Namun akhirnya, sang gadis merasa cukup. Setelah 8 tahun bergelut dengan rasa yang tak kunjung padam, sang gadis mencoba memberanikan diri untuk menyampaikan kepada sang sahabat.

Betapa dia menyukainya.

Betapa dia perduli padanya.

Betapa dia menyayanginya.

Sang gadis sudah siap, dengan segala konsekuensi yang ada, dengan argumentasi logisnya.

Dia tak berharap banyak dari sang sahabat.  Dia tidak lagi terlalu berharap, hendak menjadi kekasihnya.  Dia hanya sudah terlalu lelah, menyimpan sejumput asa di hatinya.  Dia hanya ingin sahabatnya tau, bahwa selama ini dia selalu berusaha ada untuknya.  Tak perduli betapa sulit, sakit dan beratnya perasaan cemburu, amarah, sedih yang harus dirasakan.

Dan, tentu saja.  Kisah cinta mereka tidak berakhir bahagia.  Bahkan tidak pantas disebut kisah cinta, karena sejumput asa itu hanya berasal dari satu pihak saja.

Dan benar terjadi.  Sang sahabat, perlahan tapi pasti mulai menghilang dari hidup sang gadis.  Komunikasi, hanya dilakukan melalui alat komunikasi, tak lagi bertatapan langsung.

Tak perlu ada yang ditangisi, tak ada yang perlu disesali.  Karena setiap jalan yang kita ambil, pasti akan ada maknanya.
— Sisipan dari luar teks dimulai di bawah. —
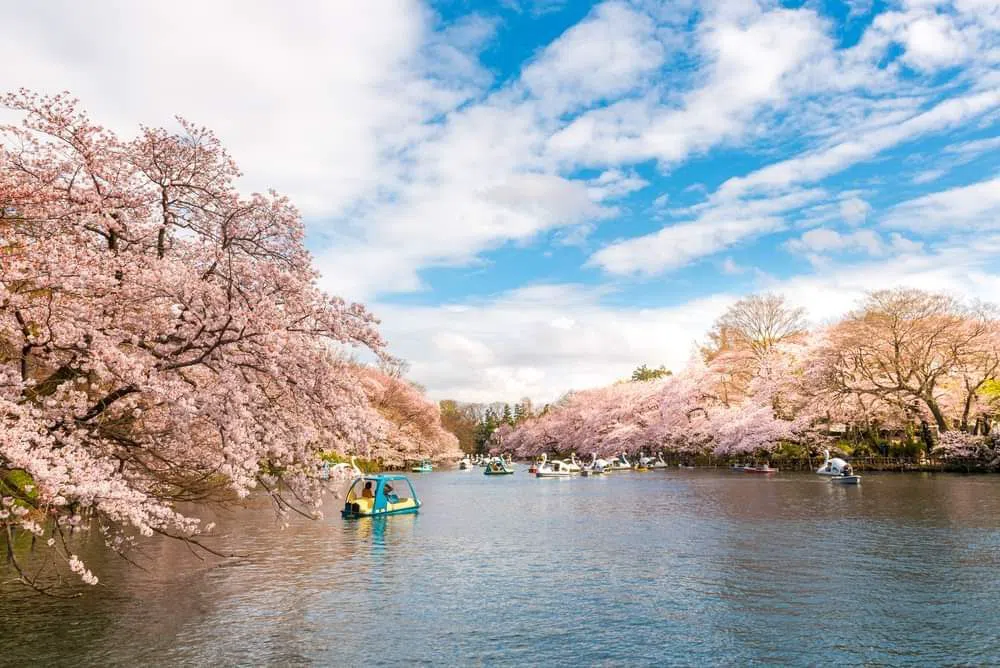 Parque Inokashira, Tóquio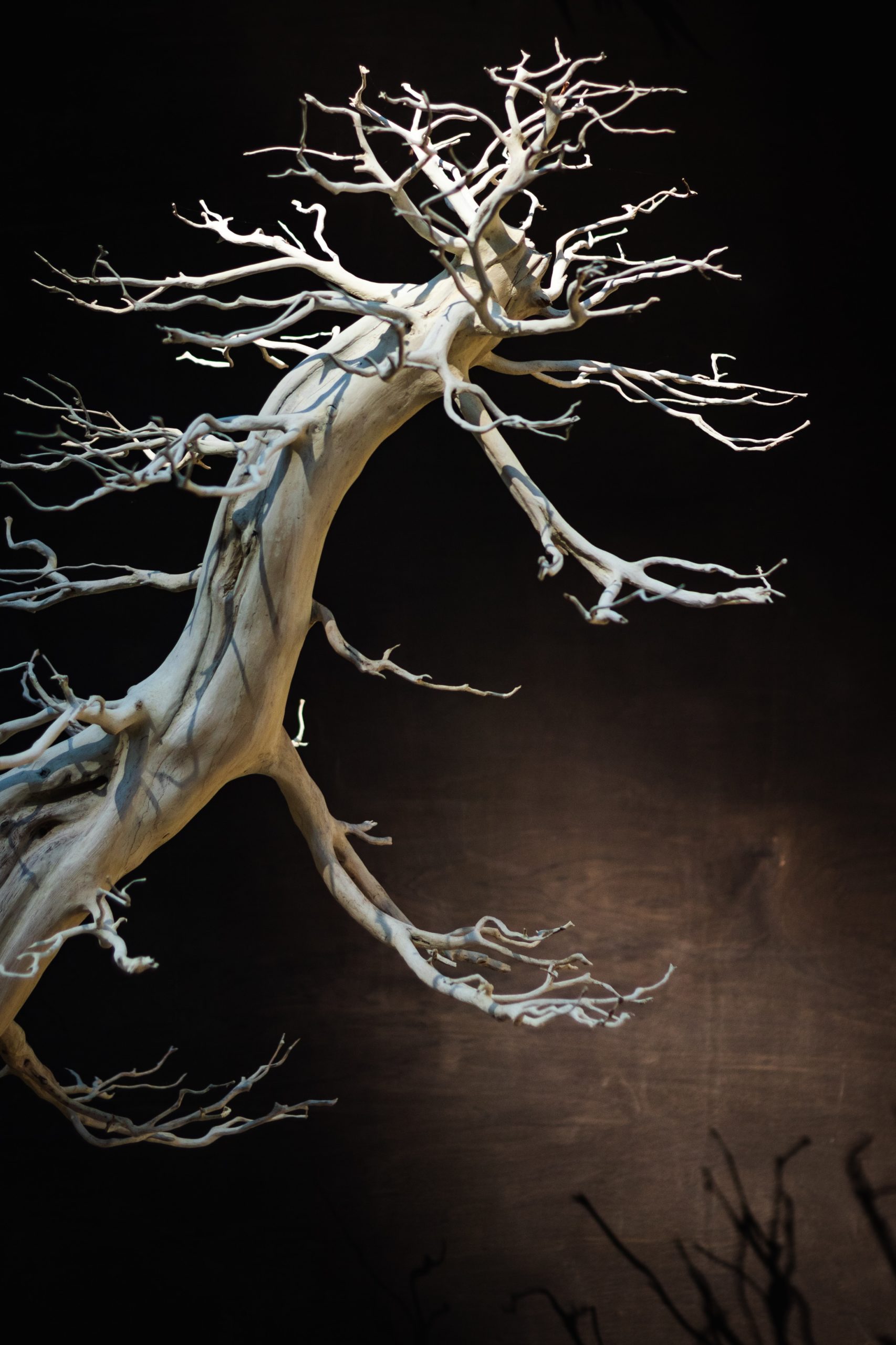 Exposer un bonsaï MORT Vital Bonsai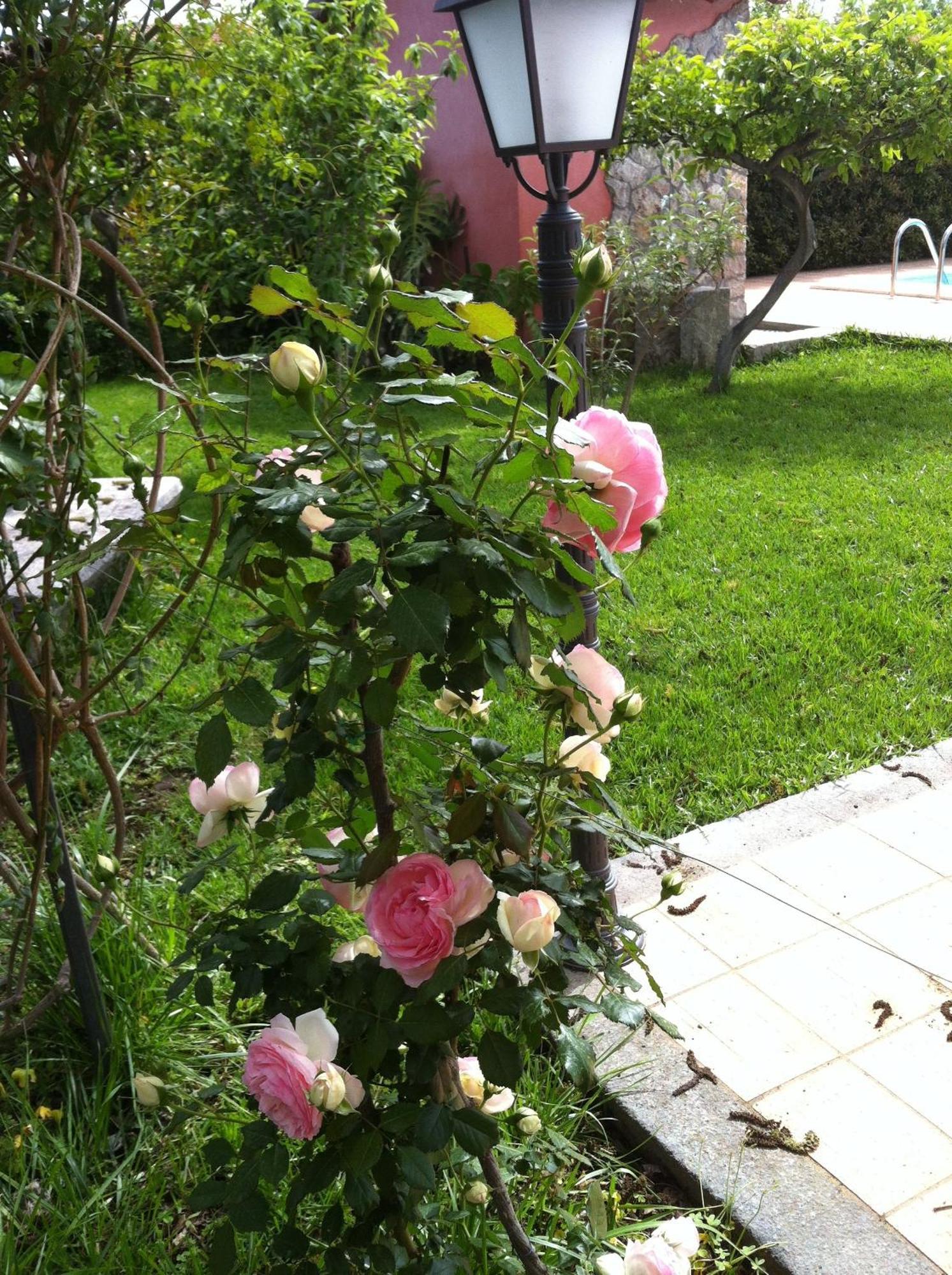 Il Giardino Segreto Bed & Breakfast Trappitello Bagian luar foto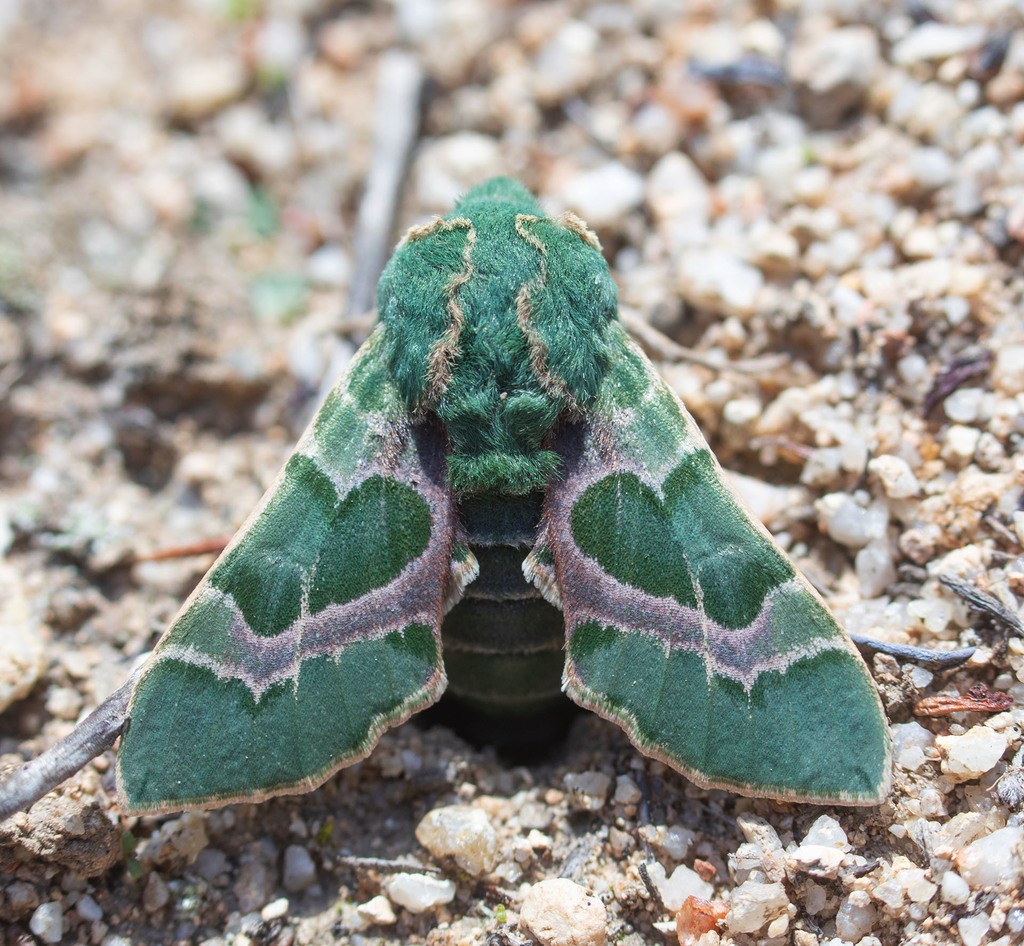 Pacific Green Sphinx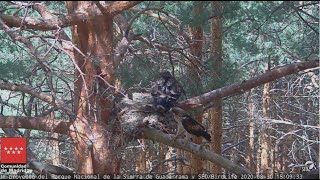 Orzełek włochaty Sierra de Guadarrama, Hiszpania -   dostawa dla młodego 2020 08 30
Sang gadis hanya perlu ikhlas.  Tak sulit baginya untuk mengikhlaskan ketidak hadiran sang sahabat di hadapannya.  Karena memang ia sudah terbiasa tanpa kehadirannya.  Yang sulit adalah, mengikhlaskan perasaan yang telah tertanam di dalam hatinya.  Mengikhlaskan harapan dan keinginan yang tumbuh dalam waktu tak singkat.  Yang paling utama, mengikhlaskan bayangan atas keberadaannya bersama dengan sang pujaan, terikat dalam satu hubungan kasih yang tak berkesudahan.

IKHLAS ITU SULIT, BAHKAN UNTUK SESUATU YANG BAHKAN TIDAK PERNAH KITA MILIKI.


Tidak.

Sebagai pemilik cerita ini, saya tidak rela jika penantian panjang sang gadis berakhir hanya seperti itu.  Terlalu panjang penantian yang harus dilaluinya.  8 tahun lamanya.  Jika saya mengakhiri cerita ini sampai disitu, terlalu sedih bagi sang gadis.  Jadi, saya ingin memberikan suatu penawaran lain.

Saya memang tidak bisa menentukan secara pasti, bagaimana akhir dari cerita cinta ini.  Sebab untuk menentukan akhir dari suatu cerita, harus ada kompromi dari dua belah pihak.  Dan satu yang tidak bisa saya pastikan.  Bagaimanakah sebetulnya perasaan dari sang sahabat.

Sebagai pemilik cerita, saya tentu bisa memaksakan bagaimana perasaan sang sahabat agar memuaskan keinginan sang gadis.  Tapi, tentu itu bukanlah hal yang adil.  Tidak bagi sang sahabat, tidak pula bagi sang gadis.  Karena sesuatu yang dipaksakan, tidaklah akan bertahan lama.

Yang saya bisa lakukan adalah, memberikan alternatif lain dari penyelesaian cerita cinta sang gadis.  Simpel, sederhana.

MEREKA BERDUA, HIDUP BAHAGIA SELAMANYA.

Tapi, itu pun dapat berarti beberapa hal yang sangat berbeda.

Pertama.  Seperti alternatif yang telah saya terangkan diatas, sang sahabat perlahan-lahan menjauh darinya.  Sang gadis mendapatkan penyelesaian, kelegaan yang mendalam, dan bisa mulai memberikan perasaannya secara penuh kepada laki-laki lain.  Sang sahabat pun menemukan tambatan hatinya.  Mereka berdua, masing-masing hidup bahagia selamanya.

Kedua.  Sang sahabat menerima perasaan sang gadis, karena tersentuh dengan cerita cintanya.  Ia mulai merasakan hal yang sama kepada sang gadis.  Mereka berdua, hidup bahagia selamanya.

Ketiga.  Ternyata sang sahabat selama ini memiliki perasaan yang sama seperti sang gadis, dan selama ini tidak memiliki cukup keberanian untuk menyatakan hal tersebut kepada sang gadis.  Mereka berdua, hidup bahagia selamanya.

Pilihan ada di tangan kita. 

Masing-masing manusia memiliki peran sendiri dalam menentukan jalan hidupnya, selain kemudian berserah pada Yang Kuasa.  Kombinasi dari kedua hal tersebut, yang akan menentukan akhir dari suatu cerita.   Apakah itu bahagia, ataukah nestapa.

Dan dalam hal ini, kisah cinta yang akan kita selesaikan adalah kisah cinta sang gadis.

Ingat.  Saya hanya memberikan alternatif, yang menurut saya masuk akal dan mungkin terjadi.  

Harus digaris bawahi.  Saya hanya memberikan alternatif, tidak memaksakan suatu pilihan.  Jika memang sang sahabat ternyata tidak nyaman dengan alternatif yang saya ajukan,  bisa saja.  Mungkin saya tidak cukup kreatif dalam mempertimbangan adanya kemungkinan-kemungkinan lain.  Karena tidak dapat saya pungkiri, saya mendukung sang gadis, saya memihak sang gadis.  Saya ingin yang terbaik untuk sang gadis, dengan tidak melupakan sang sahabat.

Sungguh, hanya Tuhan yang tahu kemana mereka akan melangkah.